Update 1/28/19 –SSGT stockholders approved the merger on Jan. 18. SST II acquired 29 self-storage facilities and obtained the right to acquire one other facility under contract, according to a press release.
While SST II has historically focused on stabilized properties, the SSGT acquisition adds growth properties to SST II's portfolio, providing the company with opportunities in the development, redevelopment and lease-up of self-storage properties, the release stated. Moreover, the addition of SSGT's portfolio expands SST II's geographic reach into three new states—Arizona, Massachusetts and Texas—and grows SST II's existing presence in seven other states and Ontario, Canada.
“We are excited to consolidate SSGT with SST II, creating a company valued at approximately $1.4 billion with revenue that we anticipate will exceed $100 million this year,” Schwartz said. “The SSGT portfolio will infuse SST II with a key growth driver, along with adding assets in strategic SST II markets, such as Toronto, Canada, for further economies of scale.”
10/5/18 – Strategic Storage Growth Trust Inc. (SSGT) and Strategic Storage Trust II Inc. (SST II), both public, non-traded, self-storage real estate investment trusts (REIT) sponsored by SmartStop Asset Management LLC, have agreed to merge. Under the agreement SST II will acquire SSGT for $340 million, with SSGT stockholders receiving $12 per share in cash. The transaction, which is expected to close during the first quarter of 2019, was negotiated on behalf of SSGT by an independent special committee of its board of directors created to review “potential strategic alternatives,” according to a press release.
All boards of directors involved in the deal have approved the merger, though the transaction must still be approved by SSGT shareholders. It’s also subject to customary closing conditions.
“This merger will provide our stockholders full-cycle liquidity in an all-cash transaction at $12 per share, a price above the most recently announced net asset value,” said H. Michael Schwartz, CEO. “We are proud of the high-quality portfolio of properties we have built and the value it will bring to our stockholders upon the closing of the merger.”
SSGT stockholders will vote on the transaction at a special meeting that’s yet to be scheduled. Under terms of the agreement, SST II would be required to pay SSGT a termination fee of $9.6 million if SST II fails to close the deal.

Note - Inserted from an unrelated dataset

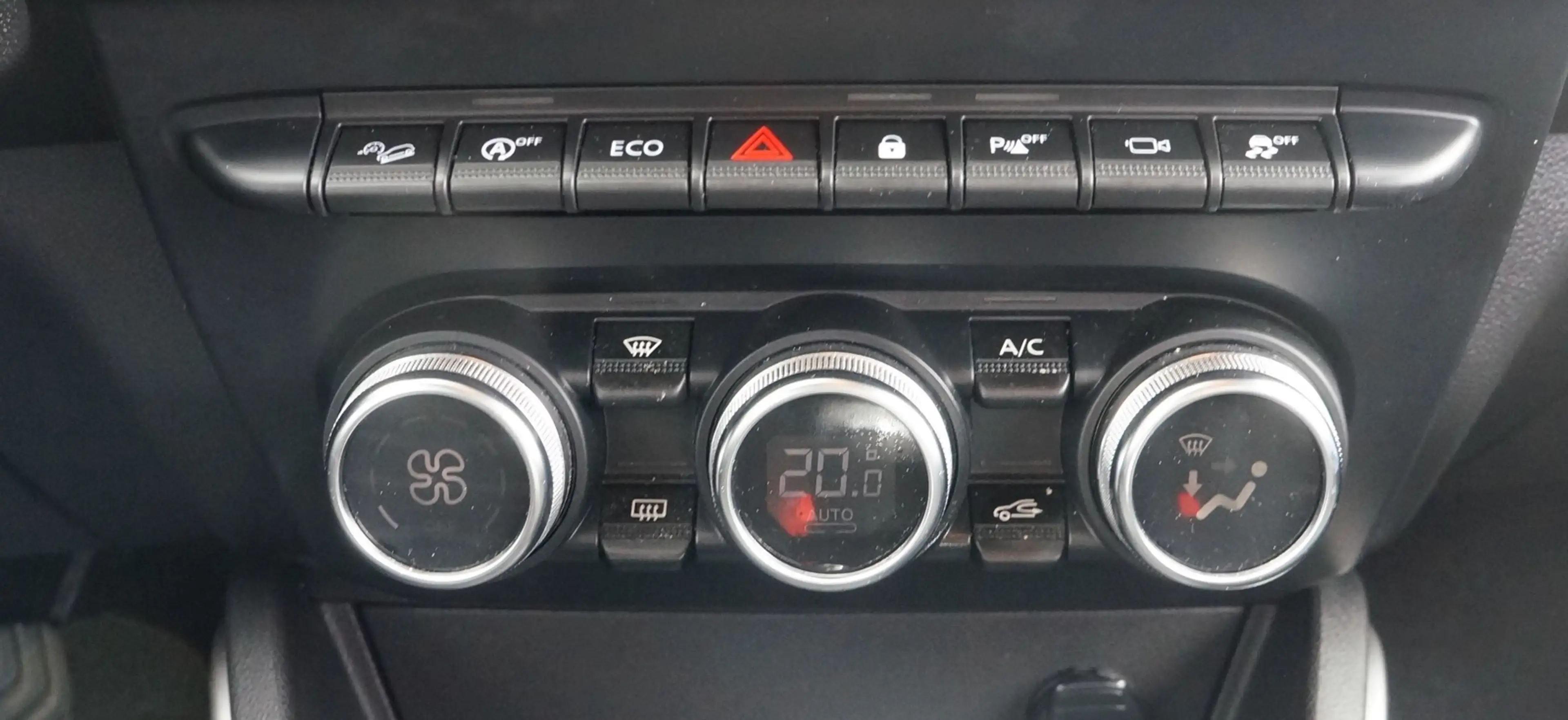 Dacia Duster Prestige+* 4x4 *4xCAM*NAVI ALLWETTER — photo 8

The deal includes a provision that allows SSGT to “actively solicit alternative proposals from third parties for the next 45 days,” concluding on Nov. 1. SSGT would owe SST II $2.9 million if it terminates the transaction during its “go shop” period. It would have to pay $9.6 million if it opts out of the deal after the 45-day window closes.
The SSGT portfolio includes 27 self-storage facilities in Canada and the United States comprising approximately 2 million net rentable square feet in 18,400 units. The SST II portfolio includes 83 self-storage facilities in Canada and the United States. It comprises approximately 51,300 self-storage units and about 6 million rentable square feet of storage space. Both companies are sponsored by SmartStop, a diversified real estate company with a managed portfolio of 118 self-storage facilities in Canada and the United States. Its managed properties comprise approximately 8.6 million rentable square feet.